Cephalon is paying Mesoblast $130 million up front and will make a $220 million equity investment in the Australian firm as part of a collaboration to develop and commercialize adult mesenchymal precursor stem cell (MPC) therapies based on Mesoblast’s adult stem cell technology platform.
The partnership will focus on treatments for specific degenerative cardiovascular and central nervous system disorders along with products for use as part of hematopoietic stem cell transplantation in cancer patients. The deal includes Mesoblast’s existing clinical-stage product for the treatment of congestive heart failure and will span other disorders including acute myocardial infarction, and Alzheimer and Parkinson diseases.
Under terms of the deal with Cephalon, Mesoblast will be responsible for carrying out and funding specific Phase IIa trials of partnered products. It will also retain worldwide manufacturing and supply rights. Cephalon will take over development for Phase IIb and III trials and retains worldwide commercialization rights to resulting therapies. Its $220 million equity investment in Mesoblast equates to a 19.99% stake. Mesoblast could receive additional regulatory milestone payments from Cephalon of up to $1.7 billion.
Mesoblast says the deal represents the largest ever in the regenerative medicines sector. “This global licensing agreement positions Cephalon as a leader in regenerative medicine while further strengthening our late-stage pipeline with another innovative biologic platform,” adds Cephalon CEO, J. Kevin Buchi, who has joined the Mesoblast board of directors. “Mesoblast has done an outstanding job of developing Phase II clinical data in congestive heart failure and hematopoietic stem cell transplants, plus preclinical data in acute myocardial infarction.”
Mesoblast was established in 2004 to develop therapies for patients with bone and joint diseases, under a worldwide license to commercialize orthopedic applications of an adult stem cell technology developed by scientists at South Australia's Hanson Institute and Institute of Medical and Veterinary Science. Just a few weeks ago Mesoblast reported that it had received clearance to effect the previously announced acquisition of U.S.-based firm Angioblast, which has been exploiting the MPC technology to develop treatments for cardiac, vascular, and eye conditions. Mesoblast had previously held a 39.2% stake in Angioblast, and the firms were sharing costs associated with various development efforts related to the shared MPC platform technology, including GMP process development and certain preclinical and clinical costs.

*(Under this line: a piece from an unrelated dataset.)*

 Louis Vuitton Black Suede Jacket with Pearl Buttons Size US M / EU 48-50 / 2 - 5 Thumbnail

The adult stem cell approach hinges on the identification of specific markers on the surface of MPCs to which monoclonal antibodies bind, and allow the extraction of MPCs from the mixture of cells in their resident tissues. Mesoblast claims the technology results in up to 1,000-fold purer MPC populations than those generated using existing or competing technologies.
Mesoblast and Angioblast are exploiting the MPC technology to develop both autologous therapies and off-the-shelf allogeneic products suitable for immediate use. In July Mesoblast was granted Australian Therapeutic Goods Administration clearance to manufacture and supply MPC products. The license allows Mesoblast to make its manufactured autologous MPC products commercially available to doctors and hospitals across Australia for use in the autologous repair and regeneration of damaged tissues. The cells will be manufactured under an agreement between Mesoblast and its licensed manufacturing partner, Cell Therapies.

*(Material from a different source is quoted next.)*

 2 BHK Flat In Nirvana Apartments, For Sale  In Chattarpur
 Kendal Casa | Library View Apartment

In its annual report in October, Mesoblast confirmed that TGA clearance meant in the near term it aims to focus on providing high-end autologous therapies for use in the repair of severe fractures and degenerative disorders. These will effectively represent premium priced products the firm says will fill an interim need until its allogeneic, off-the-shelf products receive regulatory approval.

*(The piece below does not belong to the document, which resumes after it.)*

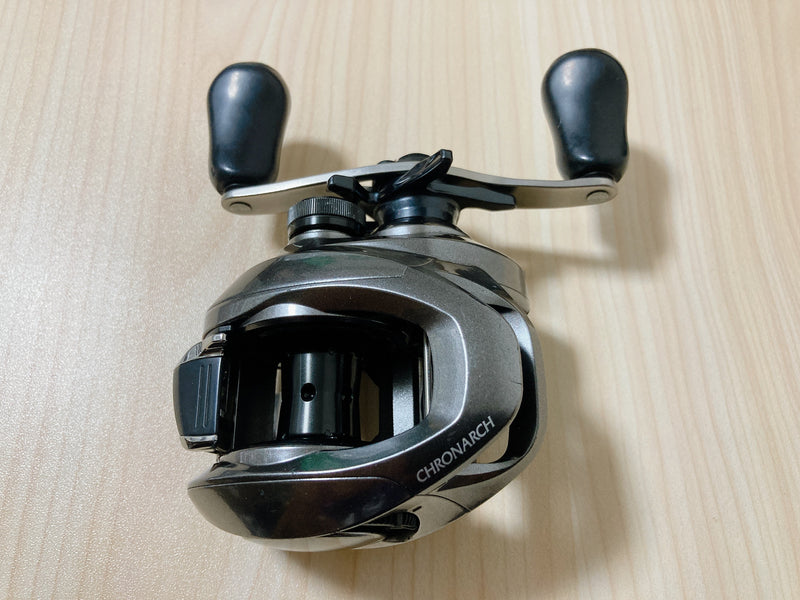 harga reel bc shimano 2017 Shimano Baitcasting Reel 17 CHRONARCH MGL 151HG Left Gear Ratio 7.1:1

The firm’s clinical pipeline is headed by a Phase III-stage off-the-shelf MPC product for use in bone marrow transplantation. The product is also under development under an existing FDA orphan drug designation for expanding hematopoietic stem and progenitor cell numbers in patients with hematologic malignancies, such as multiple myeloma.
Mesoblast’s later-stage clinical pipeline also includes Revascor™, an MPC product for use in the repair of tissue damaged due to congestive heart failure, which is undergoing Phase II evaluation. Its NeoFuse™ product for minimally invasive spinal fusion surgery of the cervical and lumbar spine is being evaluated in two international, FDA-cleared Phase II trials. Additional products for knee osteoarthritis, long-bone fracture repair, and acute myocardial infarction are at various stages of Phase II development.
The firm is in addition looking to progress its diabetes and eye diseases products into Phase II studies. In early November Mesoblast reported the award of $1.2 million in grants under the U.S. Government’s Qualifying Therapeutic Discovery Project program. The funding will support further development of products for congestive heart failure, myocardial infarction, oncology, eye indications, and diabetes-related therapy.